● Exercise: Without the pictures, copy all of the data exactly.

● Given material:
━━━━━━━━

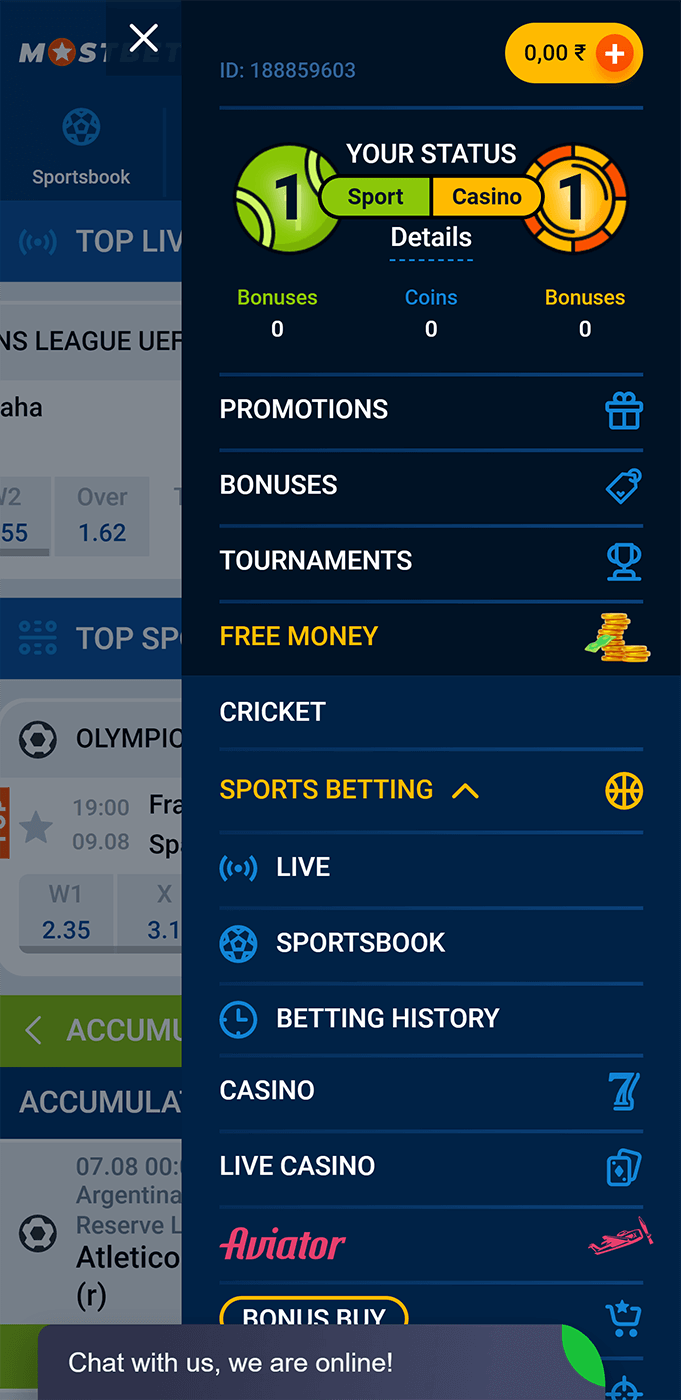 Screenshot of the hamburger menu in Mostbet app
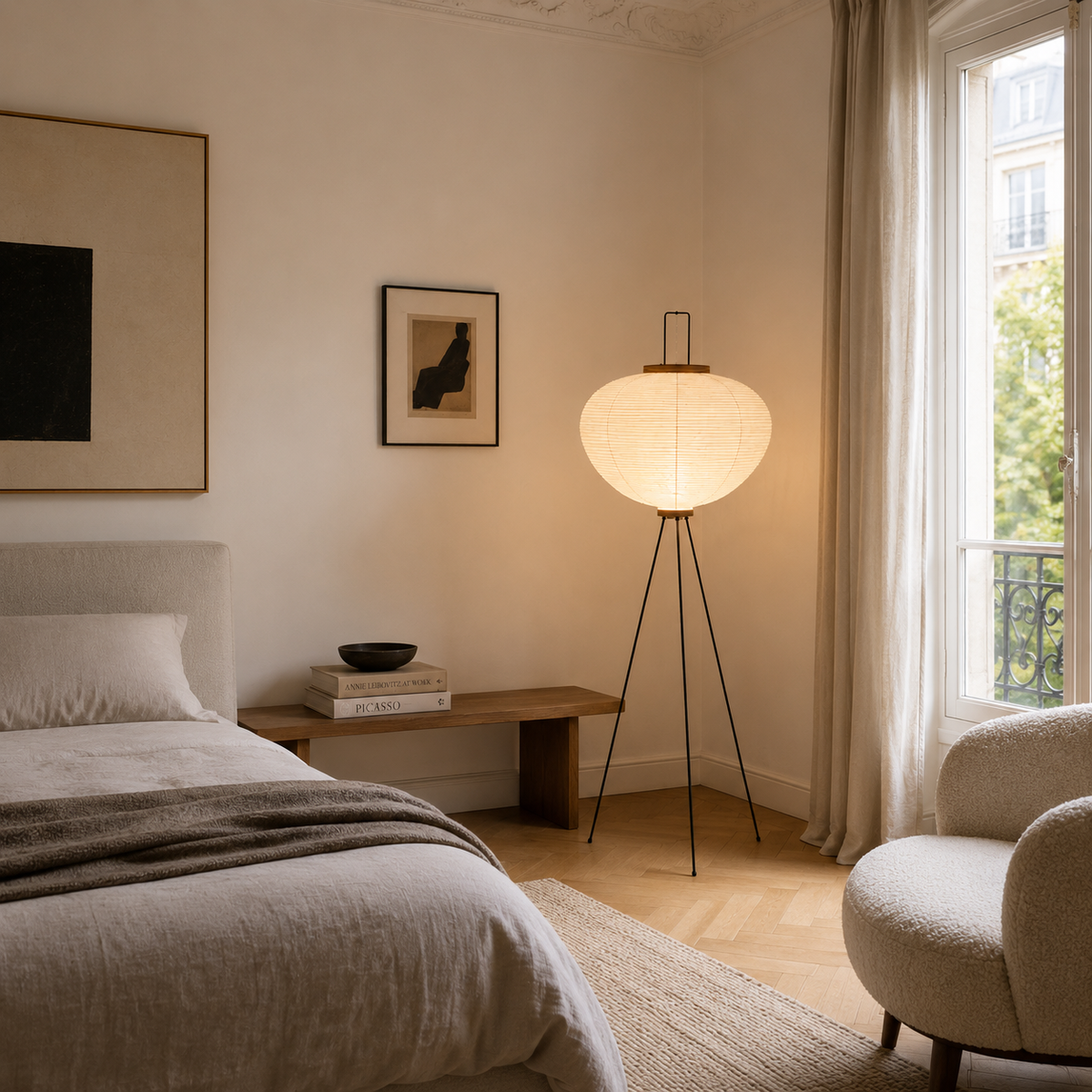 Rice Paper Floor Lamp - Handmade Tripod Lantern - 123cm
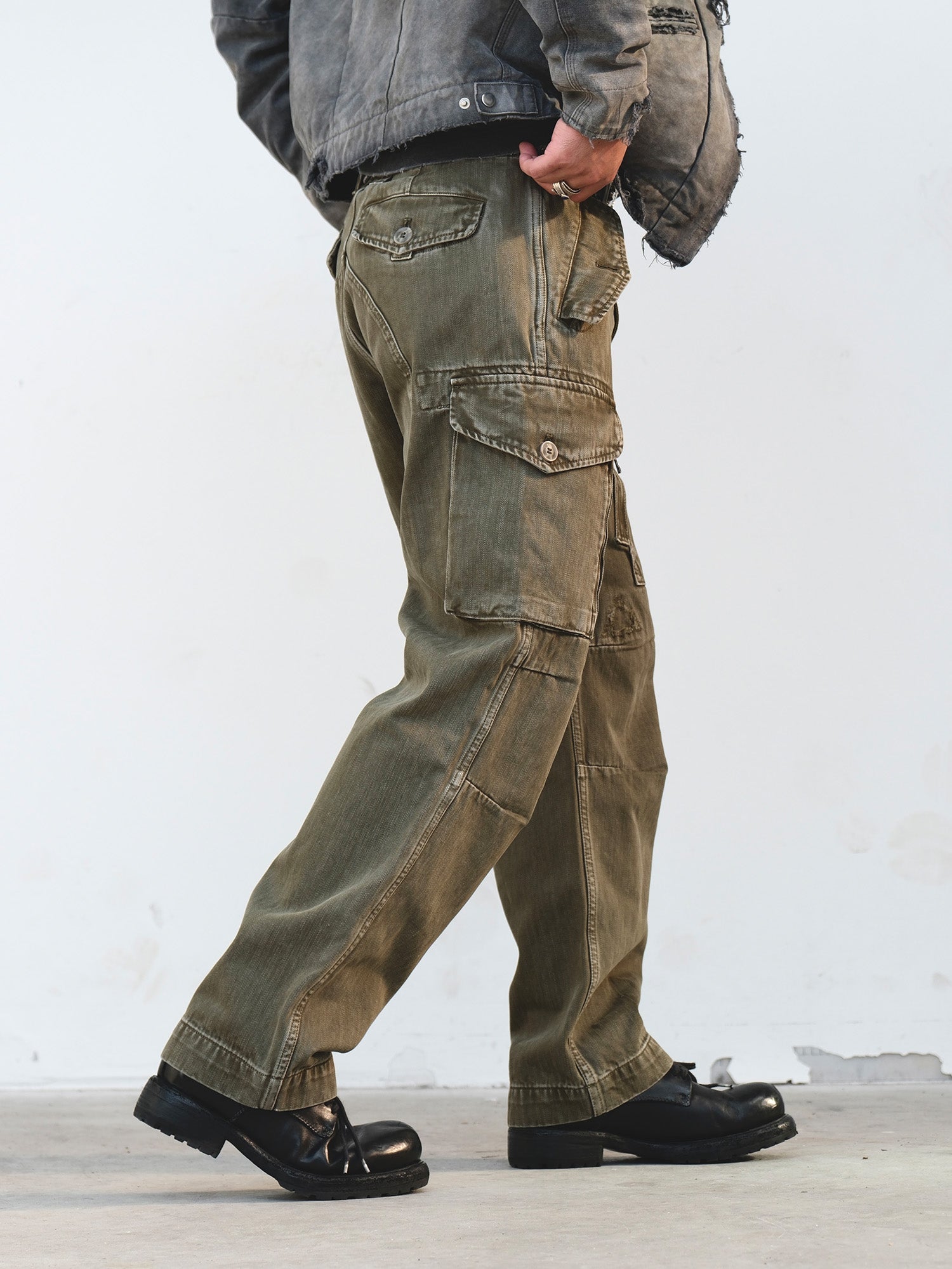 NEIGBORL Retro Washed Cargo Pants-Pants-S-Green-Free Shipping Leatheretro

━━━━━━━━

● Reply:
 Screenshot of the hamburger menu in Mostbet app
 Rice Paper Floor Lamp - Handmade Tripod Lantern - 123cm
 NEIGBORL Retro Washed Cargo Pants-Pants-S-Green-Free Shipping Leatheretro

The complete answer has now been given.